Undercurrent has some elements that I feel are worth praising. The drums on this record are excellent. Following the nice dark ambient/noise intro, Vertigo kicks off with these great, mathcoreesque drums. Every single drum hit is punchy and audible on Abandon and it really redeems the song. The fills and blast beats on Garbage and Wrecker are some of the best I’ve heard all year. The drummer truthfully is the best part of the album, and I wish they were highlighted more on these songs. There are some moments where the other instrumentation shines through too though. Plague has some killer opening moments with nasty and dynamic riffs. The breakdowns that appear on this record are also mostly hefty and satisfying to the ear. Within Undercurrent are shots of great ideas and compelling music.
Even though there are moments on this album I quite enjoy, it is overall underwhelming. I understand that I must sound like a broken record in these lukewarm reviews, but Friendship falls into the same trap as lots of other bands, even outside of metal. This record plays it unbearably safe. While the drums are the best part of this album, they are only prominent at the beginnings of songs. After they fade into the mix, the rest of the song is often completely uninteresting. This is the case with Vertigo and Abandon. After the rest of the instrumentation joins the mix, these tracks come across as cookie-cutter powerviolence with a hardcore influence. After its noisy intro, Lack fails to grasp me in any way. Fiend is the same way, an uninteresting, meat and potatoes track. Despite this at least the tracks on this album keep a common tone a sound throughout their length. Well, except for the closer, Hatred, which is a complete wreck. The end of this track is the bad kind of hideous, and it sounds like every piece of the mix is acting alone.
This record left me feeling unimpressed. Friendship is understandably trying to enter the upper echelon of extreme music, but they have not delivered anything that can compete. In almost all respects this record is outclassed in the genres it falls into. This album causes me to scratch my head and wonder what all the fuss is about. It’s gotten a bit of buzz and it seems like there is a lot of hype around it, but there’s nothing new here.
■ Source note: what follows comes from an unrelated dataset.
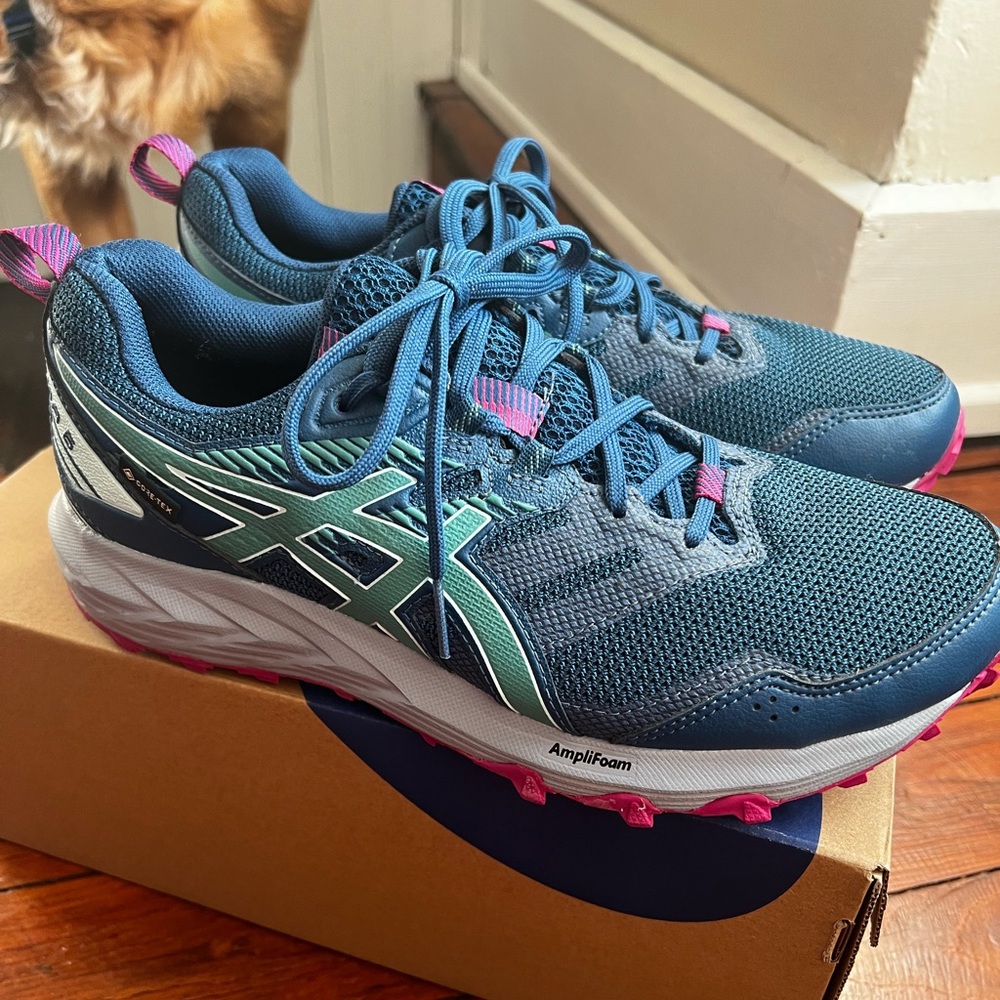 ASICS gel Sonoma 5 trail shoes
The vocals on this album sound like standard grind growls and just make me wish I was listening to Nails or Behemoth. It’s clear this band pulls influence from Converge and Full of Hell, but they just sterilize that style. There are moments on Undercurrent where the band seems like they are going to do something interesting, but they always pull back. Consequently, the songs here lose their momentum. It makes no sense to me why the compelling moments on this album are the exceptions and not the rule. The best tracks here robbed of their potential by basic riffs, vocals, and song structures.
I understand the temptation to play safe and stick to convention. I suppose it is better to receive a lukewarm response than a scathing one, and Undercurrent is a lukewarm album. Still, it’s worth asking, is it worse for an album to leave a bad impression or none at all?